_Short web captions_

=== Section Start ===

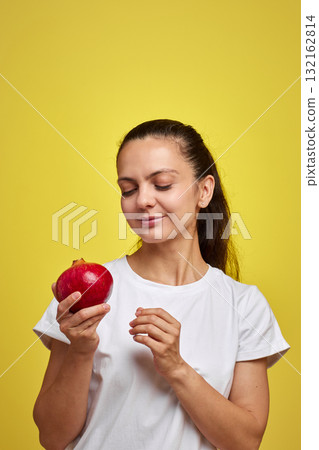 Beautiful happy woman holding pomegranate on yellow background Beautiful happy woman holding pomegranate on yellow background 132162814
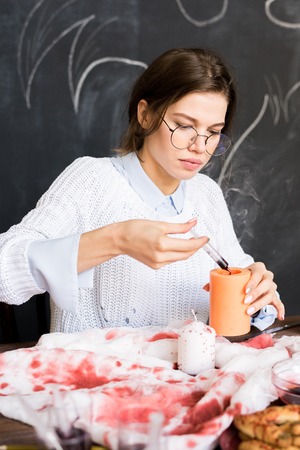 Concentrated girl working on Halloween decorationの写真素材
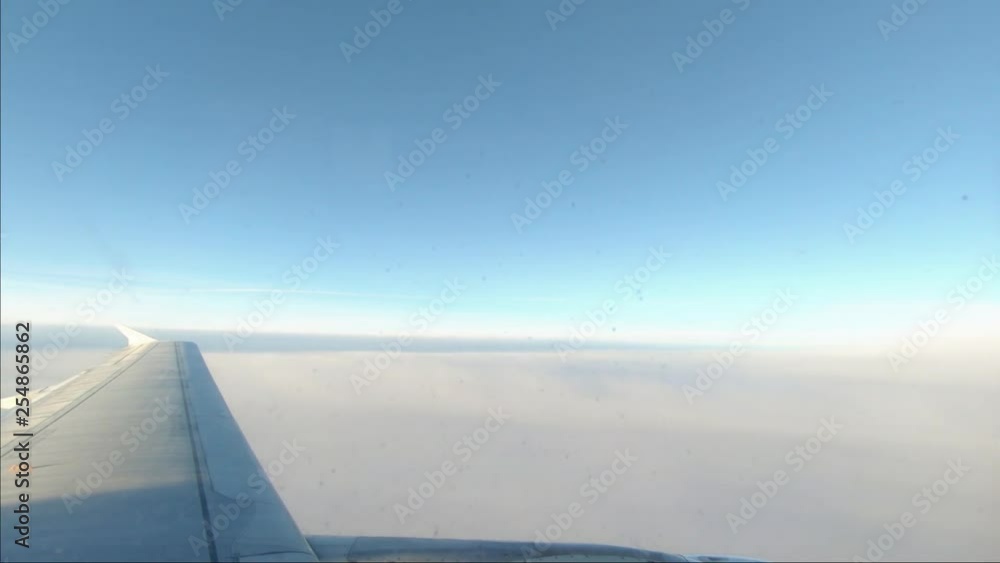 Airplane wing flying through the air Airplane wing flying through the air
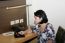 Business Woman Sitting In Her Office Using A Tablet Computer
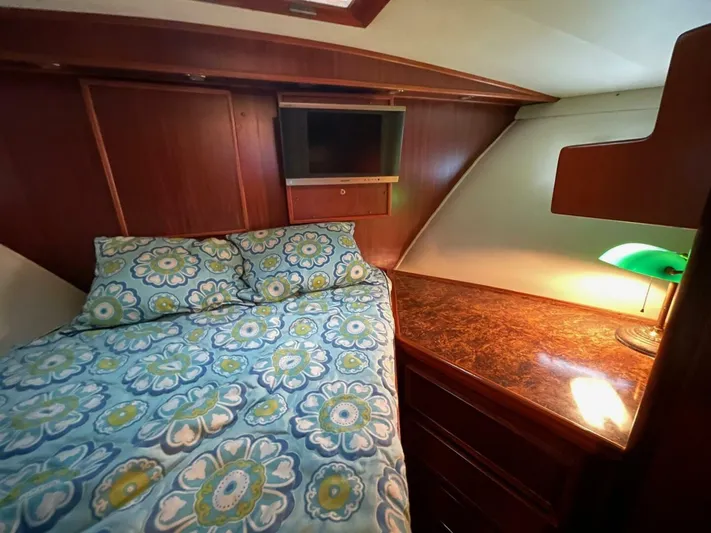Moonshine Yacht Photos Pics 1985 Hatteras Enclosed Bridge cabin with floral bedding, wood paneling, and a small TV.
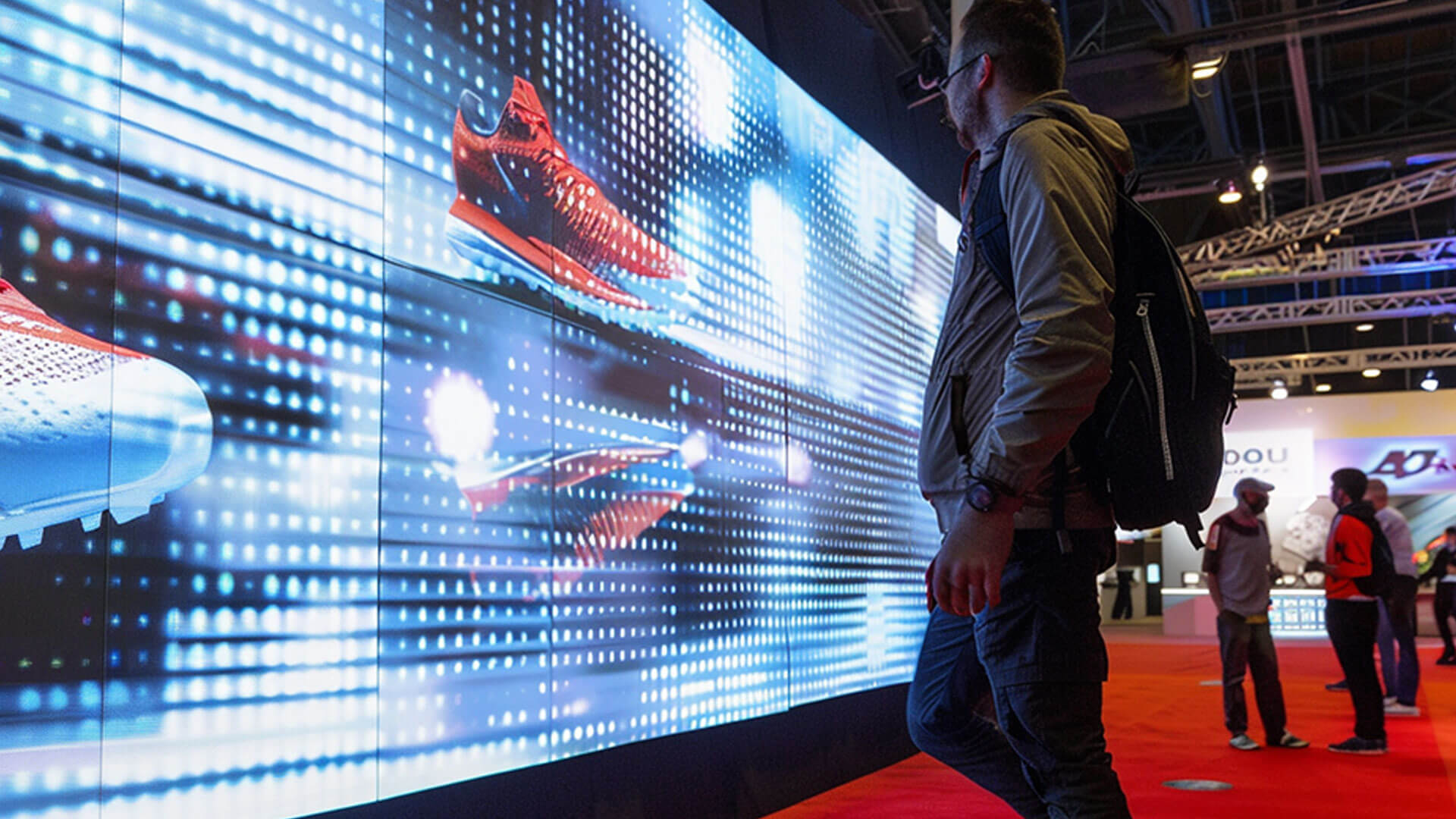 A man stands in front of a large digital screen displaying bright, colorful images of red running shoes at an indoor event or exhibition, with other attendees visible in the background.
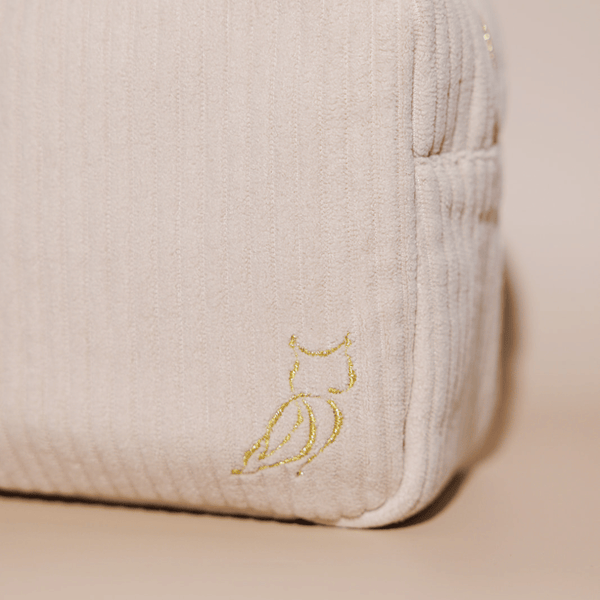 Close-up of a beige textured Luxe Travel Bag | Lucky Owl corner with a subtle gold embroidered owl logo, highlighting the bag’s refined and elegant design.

=== Section End ===
=== Section Start ===

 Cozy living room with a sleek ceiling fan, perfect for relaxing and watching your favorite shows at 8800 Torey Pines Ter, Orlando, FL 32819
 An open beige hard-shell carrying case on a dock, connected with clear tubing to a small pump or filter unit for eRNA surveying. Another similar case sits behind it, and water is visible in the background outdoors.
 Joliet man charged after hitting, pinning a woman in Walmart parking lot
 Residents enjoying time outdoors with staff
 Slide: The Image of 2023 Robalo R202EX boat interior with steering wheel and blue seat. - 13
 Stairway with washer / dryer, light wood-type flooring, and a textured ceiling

=== Section End ===

What do the lines above say from the one containing "An open beige" down to the one containing "Stairway with washer"? Return them exactly, both end lines included, and only them.

 An open beige hard-shell carrying case on a dock, connected with clear tubing to a small pump or filter unit for eRNA surveying. Another similar case sits behind it, and water is visible in the background outdoors.
 Joliet man charged after hitting, pinning a woman in Walmart parking lot
 Residents enjoying time outdoors with staff
 Slide: The Image of 2023 Robalo R202EX boat interior with steering wheel and blue seat. - 13
 Stairway with washer / dryer, light wood-type flooring, and a textured ceiling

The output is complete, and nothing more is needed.